神一の思念が、その黄金の光の海に抱かれると、凄まじいパワーが轟々と音をたてて、わが身に流れ込むのを感じた。そして、全ての生命への慈しみの心が彼を満たして、何とも言えぬ幸福感に包まれていた。
次の瞬間、神一は、安座して瞑想している自分を発見して、現実の世界へと戻っていた。
彼は、自分が体験した不思議な事がらが、夢ではなかったかと疑ってみたが、自身の身体に満ち溢れる力を実感して、それが真実であったと確信した。

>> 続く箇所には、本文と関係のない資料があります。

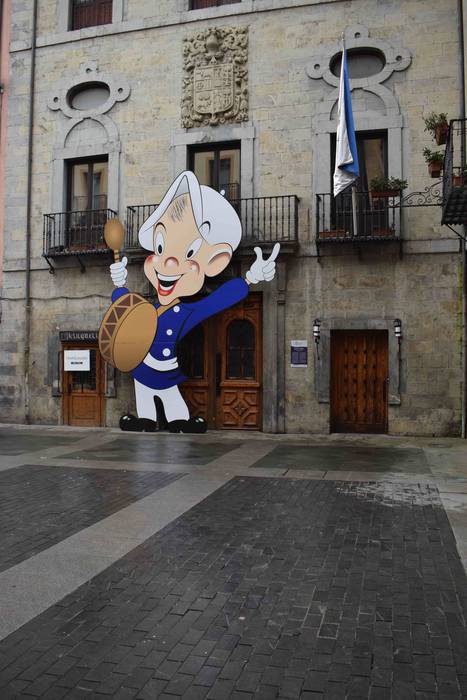 Txapelaundi txarangak, 75 ur 1 1612480794248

彼は、テントから出ると海岸に向かった。折りしも真っ赤な朝日が昂然と昇って神一の身体を包んだ。彼は、海辺の砂浜に立ち、前方の岩山目掛けて、風牙、風破、を立て続けに放った。数十メートルの岩山は、風牙の風の剣で真っ二つに切り裂かれ、風破を受けると木っ端微塵に吹き飛んで、海面に無数の水柱が上がった。その、凄まじいパワーは、四百年前の自分にも引けは取らなかった。

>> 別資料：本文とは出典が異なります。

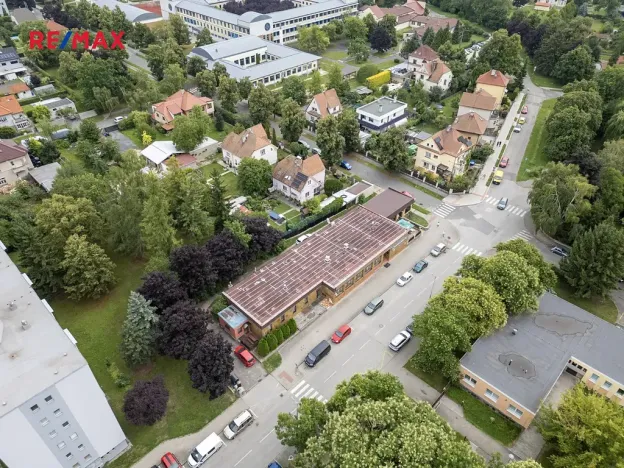 Prodej obchodního prostoru, Čelákovice, Rumunská, 794 m2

神一は、更に、雷雲発生の修行の後、宗家の守護者としての二身一体の技を練磨して、三カ月の修行を終え、大阪へと帰った。
「真王、今帰ったよ」
神一が、部屋に入ると真王が怪訝な顔で彼の顔を見た。
「何その顔?」
「顔? ああ、この髭か。だって、三カ月も髭を剃らなかったら、こうなるだろう」
神一の顔の髭は伸び放題で、浮浪者のようだった。
「という事は、お風呂も入ってないのよね?」
「無人島なんだから当然だろ、水浴び程度だ」
「いやだ。早く着替えて、お風呂に入って頂戴!」
真王は、神一を風呂場へと追い立てて服を脱がせ、鼻をつまみながら、それを洗濯機へと放り込んだ。
「綺麗に洗ってよ。でないと、一緒に寝ないから」
真王の甲高い声を聴きながら、神一は、湯船の中でくつろいでいた。
久しぶりに、真王の手料理とビールを少し飲むと一気に疲れが出て、眠気が襲ってきた。
「疲れたでしょう、ゆっくり休んで」
真王の声を耳元で聴きながら、彼は深い眠りについた。